Rickson, Rener, and Ryron (and Pedro) are not heavily invested in the competition sub-niche. They are not focused on producing champions in BJJ under current IBJJF rules.  Rener's thinking is that people enroll to learn self-defense, but then are taught competition BJJ, or how to fight with other BJJ people using BJJ techniques and BJJ rules. Then they quit because competition BJJ is not what they wanted. Rener and Ryron composed a course to teach self-defense, incorporating fundamental skills. They awarded blue belts to people who completed the course. People who already had blue belts under the previous regime loudly objected. Self-defense wasn't real BJJ, they criticized. (The instructional methodology and evaluation systems were also issues). The value of their blue belts was being diluted. A blue belt no longer symbolized awesome bullet proof destructive potential if the types of gentle people who needed self-defense training could wear them. Rickson also didn't like the idea. The desire to get belts (or ranks in general) has always been a part of martial arts marketing (Kano knew this all too well). The internet gave the complainers a loud voice and must have had an unpleasant  impact on the academy's bottom line. Rener and Ryron took notice. They devised a special "self-defense" belt (white with blue segments), which is specifically not a blue belt. Rickson was satisfied with this solution and decided to join hands with his two nephews (and Pedro Sauer). Their mission is to restore self-defense to the place of priority in jiu-jitsu. 

Pedro Sauer added that Helio Gracie told him to teach self-defense in the United States. Helio Gracie had many odd ideas and never tried very hard to hide them (not in Brazil anyway: Helio's Brazil Playboy interview here). The fact that Helio Gracie recommended something is not necessarily a good reason for doing it. But in this case, his recommendation makes sense. GJJ/BJJ took off in the United States not because of Berimbolos but because the Gracie brothers and some of their friends and students kicked asses. That was what appealed to the old school converts. Getting your ass kicked can be very convincing evidence and as Benjamin Franklin said, learning from other people's painful experience is just as good, and cheaper.

Roberto's opinion is that fundamentals are vital. After you have the fundamentals dialed in, you can adapt them to whatever your gig is, self-defense against rugby tackles, wrist grabs, knives, guns, bear-hugs, punches, kicks, whatever, or sports, or MMA.

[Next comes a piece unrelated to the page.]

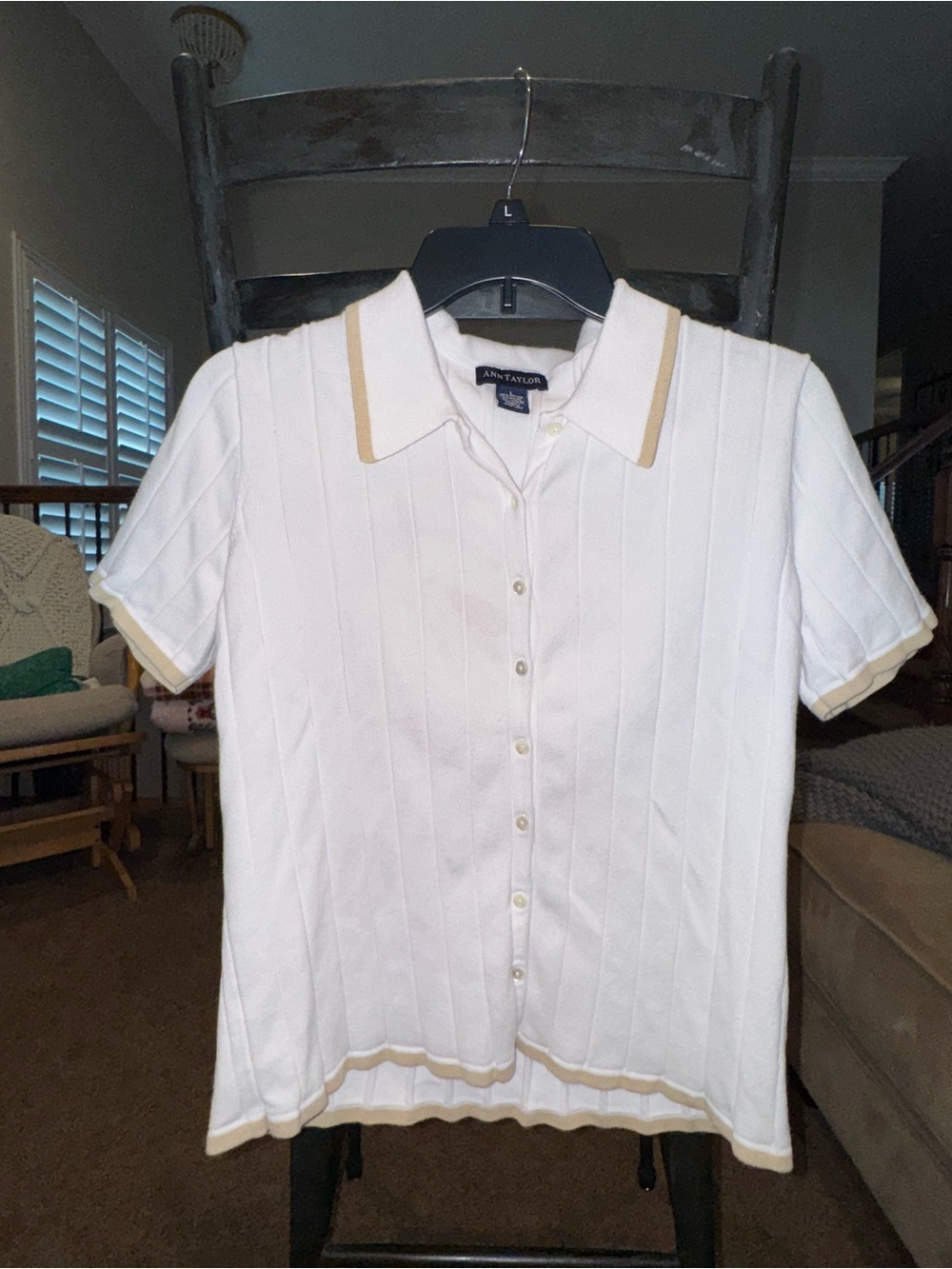 Ann Taylor White Knit Polo with Beige Trim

Rener and Ryron came up with a plan. It might work. They are smart guys and will adapt if it doesn't. It might work for them that is. For smaller academies, maybe not so much. 

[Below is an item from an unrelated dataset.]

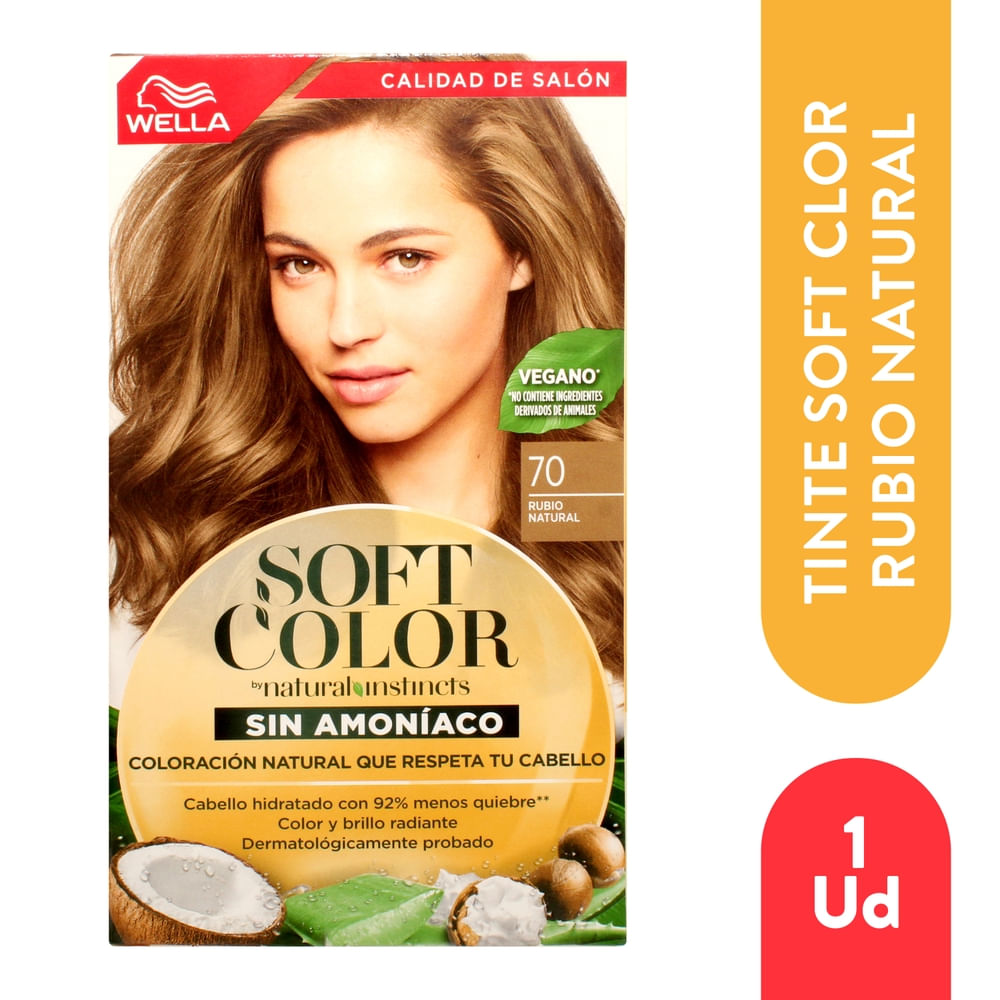 Tinte Para Cabello Soft Color Sin Amoniaco Tono No.70 Rubio Natural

Just a suggestion: One way to build fundamentals into the system might be to incorporate them into a warm-up. Example, the head-rotation movement that Helio taught as a defense against a neck grab is a versatile basic, natural movement that can be applied a a wide variety of situations, both self-defense, and sport, including MMA.

 Helio's version unfortunately has a design defect, namely, it allows the aggressor to pull your head down into a rising knee. But combined with basic stepping (forward and to the outside) it becomes a "bob and weave" (useful for avoiding head level punches) . The bob and weave can be combined with a short bend at the knees for a "duck under" to the outside of the attacker's arm, hence to his back, after which many throws or take-downs become easy to safely execute. It isn't hard to set up. Have one person throw left and right (open) hands, any angle, at head level (where most punches are going to be aimed). Keep the speed reasonable and allow time for the other person to step back. Keep the movement continual. If the thrower is using her right hand, the bob and weaver will bob and weave and step to the left (keeping feet shoulder-width). And vice versa (the stepping pattern is an inverted triangle). Assume that the thrower is right handed, and has her left foot forward (as will be the case for most aggressors). Future UFC champions can apply lag punches to the appropriate side. (According to Kenny Weldon a lag punch is a body punch that follows a bob and weave, where the hand "lags" behind the upper body. Three minutes of this will be a good warm-up

This is probably the best way to avoid punches. It leaves your hands free for other purposes and puts you in ideal position for defense or counter-attacks. It is a good way to avoid being grabbed around the neck. It's also a very natural movement. Babies and cats will do it if you try to grab them by the neck.

A similar drill: Ducking. When the hands come in, bend the knees and duck under (keeping your chin down, shoulders up, hands up, and elbows glued to your ribs). This can be easily combined with a penetration step leading to single leg, double leg, or High C, depending on the relative position of feet and a few small adjustments. For guys who think self-defense is sissy stuff, they will probably resonate to it more if they see a sports/MMA application. For aspiring MMA champions, the duck can be followed by straight lefts or straight rights. Three minutes of this is a good warm-up.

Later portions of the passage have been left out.